►

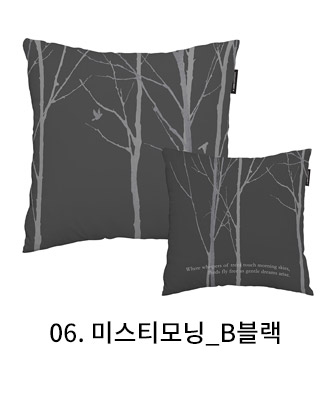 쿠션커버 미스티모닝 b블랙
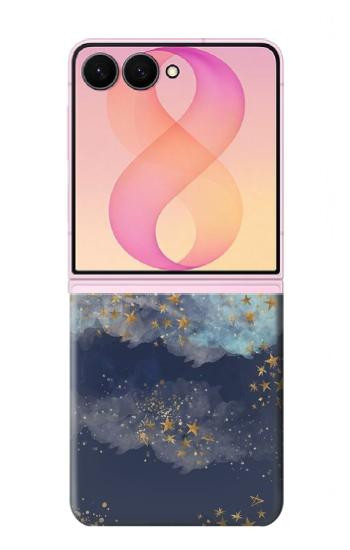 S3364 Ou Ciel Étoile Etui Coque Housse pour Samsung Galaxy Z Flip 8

◄
►

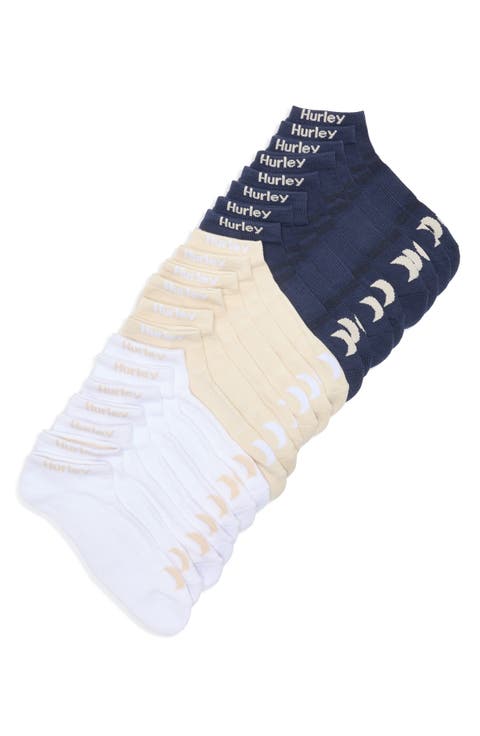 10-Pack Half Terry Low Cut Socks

◄
►

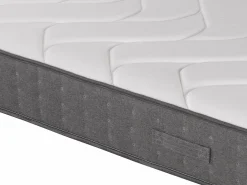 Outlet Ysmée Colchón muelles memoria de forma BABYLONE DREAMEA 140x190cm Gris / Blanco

◄

Activity:
When you reach the line holding "쿠션커버 미스티모닝 b블랙" in the listing above, begin retyping exactly, and stop once the line holding "S3364 Ou Ciel" is done; pictures stay out.

Answer space:
 쿠션커버 미스티모닝 b블랙
 S3364 Ou Ciel Étoile Etui Coque Housse pour Samsung Galaxy Z Flip 8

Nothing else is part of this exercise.